WEARY: I think there's something about this show that's surprisingly a lot about love. There's so much about family and what kind of relationships each member of the family has with each other and also outside of the family. A lot of the show is very much about staying in the family and keeping it a very exclusive. Every character is supposed to be so exclusive to Smurf and the family business, so I think that's another interesting aspect of it. It's a part of the struggle for Deran, because it's something that he's definitely struggling with that he can't really express to his family.
NBC OUT: Even when his brother Craig (Ben Robson) tells Deran he knows about Adrian, it doesn't make everything okay, does it?
WEARY: No, it's totally him.
LISCO: Smurf's relationship to all of her boys has depended on wielding her sexuality with them, in a certain way, and wanting to believe that even though it's taboo deep down they find her attractive. So the idea of Deran being with a woman would be hard enough for Smurf, but it's at least something that she can understand. The idea of him having a group that she really is outside of threatens her deeply, and threatens her ability to manipulate her sons.
WEARY: It adds to the element of Deran wanting to escape and leave. I mean there's an episode where he says, "I just want to leave Smurf." I think that's a big part of why he's driving himself crazy. I mean, he can't just be who he is and find his identity.
LISCO: We think about Deran sometimes as, in some ways, the baby of the family but also the one who's most possessed of his own need to escape the gravity of her power and so he might be able to one day have his own life if he can ever work this out.
NBC OUT: I'm always watching Smurf, because being a gay man, I believe mothers always know. Mine did! Does Smurf know?

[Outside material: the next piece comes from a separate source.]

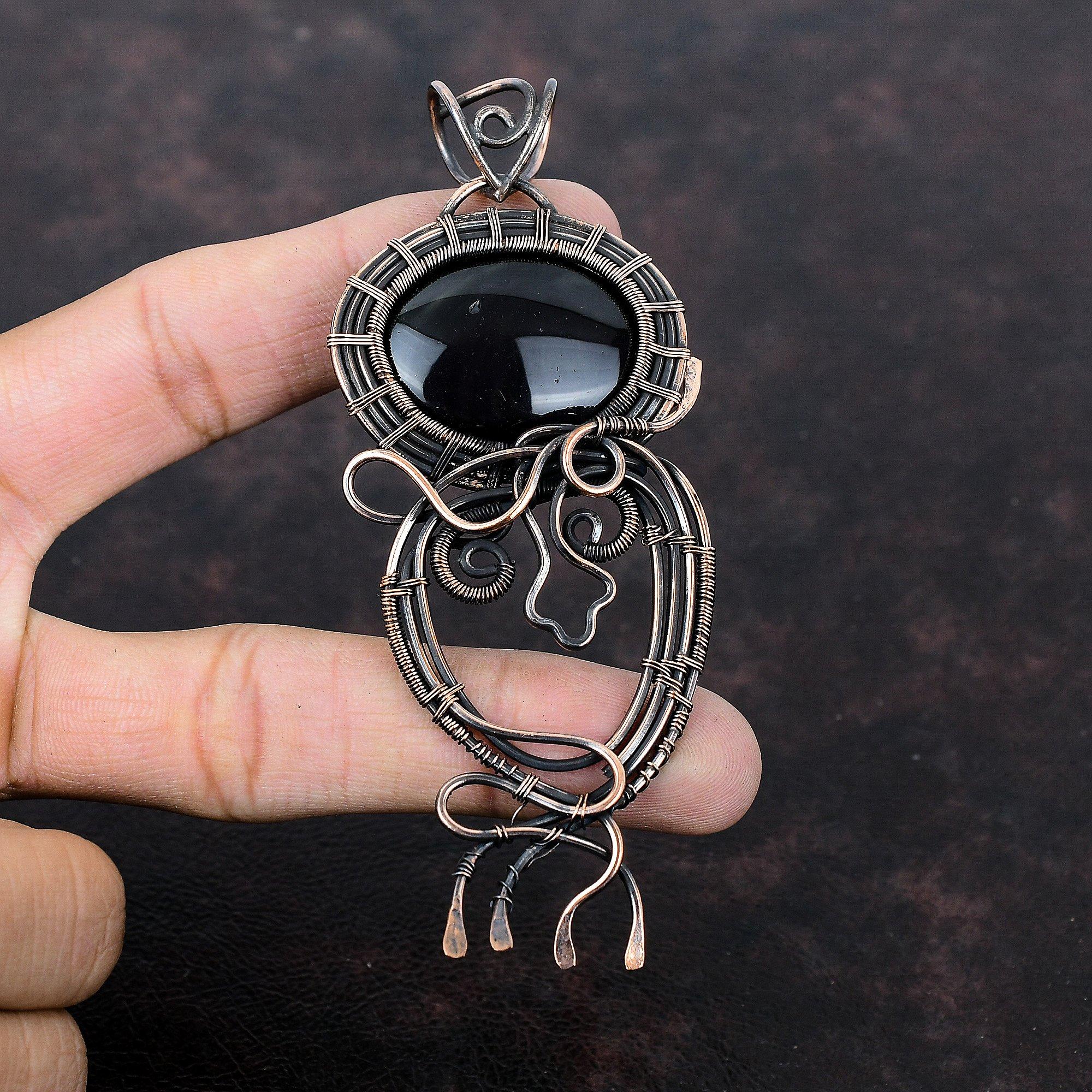Sugilite Pendant Copper Wire Wrapped Pendant Handmade Decent Pendant Copper Jewelry Wire Wrap Jewelry Original Gemstone Pendant Gift For Her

LISCO: All I can say in response to that is we have discussed in the writers' room that she does, and we have discussed that she doesn't, but I think you make a very interesting point. Mothers always know, and if [she] doesn't, why doesn't she? I think that's the question to ask, so if we do go in the direction of her not knowing is it self-denial? Is it suppressing what is right before her? Is there some emotional reason why she's doing that?
NBC OUT: What will we see moving forward, even into the second season?
WEARY: This is something that obviously doesn't happen overnight. It's a long process, and I think that's something that I'm really excited about for season two. I think there are so many different layers to this character. It's not the stereotypical gay character on the television show. There's so much more to it, and that's why I love playing him.
The "Animal Kingdom" season finale airs Tuesday, August 9, at 9 p.m. on TNT.